The Fall, by Albert Camus
Short though it is, lucid though it is,
The Fall is a devilishly hard book to summarize. Here's my version, which won't be exactly like anybody else's version because it seems no two summaries are alike. Clamence, a former Parisian lawyer, meets a stranger in an Amsterdam bar incongruously called
Mexico City and starts up a conversation with him. It is not really so much a conversation as it is a monologue, a monologue that takes the form of a confession. This confession unfolds over several meetings in a five day period. Each meeting reveals a little more about Clamence's downfall and about the extremity of that fall and what the bleak philosophical implications are for not just Clamence but for all of us. According to Clamence, he once was a man who was charitable, altruistic and courteous though for all the wrong reasons. His attentiveness to others masked a sense of superiority that he deigned to keep hidden but felt nonetheless. Then something truly horrifying happens. Camus beautifully describes this event: Clamence hears the splash into water of a young woman who has jumped from a bridge and her subsequent screams but he fails to act to help her. He hesitates until it is too late and then he moves on. Though his egotism has protected him to this point in his life, the memory of his inaction breaks through his haughtiness. As a result, his life dramatically changes as all his carefully built facades crumble into dust. He goes through a period of debauchery, but even that cannot help him forget his terrible realization about himself and about the nature of being itself. Along the way, he traces the philosophical implications of his new awareness, coming to some desolate conclusions about innocence, guilt and the nature of judgement itself. In the process, he also eliminates neatly any hope of a God. In the end Clamence sees his role as being a "judge-penitent" which he carefully explains. In other words, he hangs out in seedy bars waiting for opportunities to tell his story to strangers, knowing that he will implicate them in the guilt he feels because that guilt is an inescapable part of the human condition.

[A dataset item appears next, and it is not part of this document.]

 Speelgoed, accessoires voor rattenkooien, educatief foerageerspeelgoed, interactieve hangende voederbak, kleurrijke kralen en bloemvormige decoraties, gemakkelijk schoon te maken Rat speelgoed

Along with Camus' clever use of Christian symbolism and his ability to transform Amsterdam into a stand-in for the circles of hell, one of the most impressive aspects of the novel is how Clamence seduces the reader to take over the role of the unnamed person hearing his confession. Camus in effect holds up a mirror and asks the reader: how different from Clamence are you really? Again it is a short book but one that can and should be read several times to get its full implications and to sort out a philosophical discussion that sometimes appears convoluted, if not downright contradictory and paradoxical. But this intellectual flailing is not a flaw. Rather it underscores the agony of Clamence whose mind twists and turns trying to make sense of his elemental betrayal. Novels don't get much bleaker than this one. Or much more thought-provoking. At the risk of sounding hyperbolic, I would say that
The Fall is one of the titanic works of 20th century literature.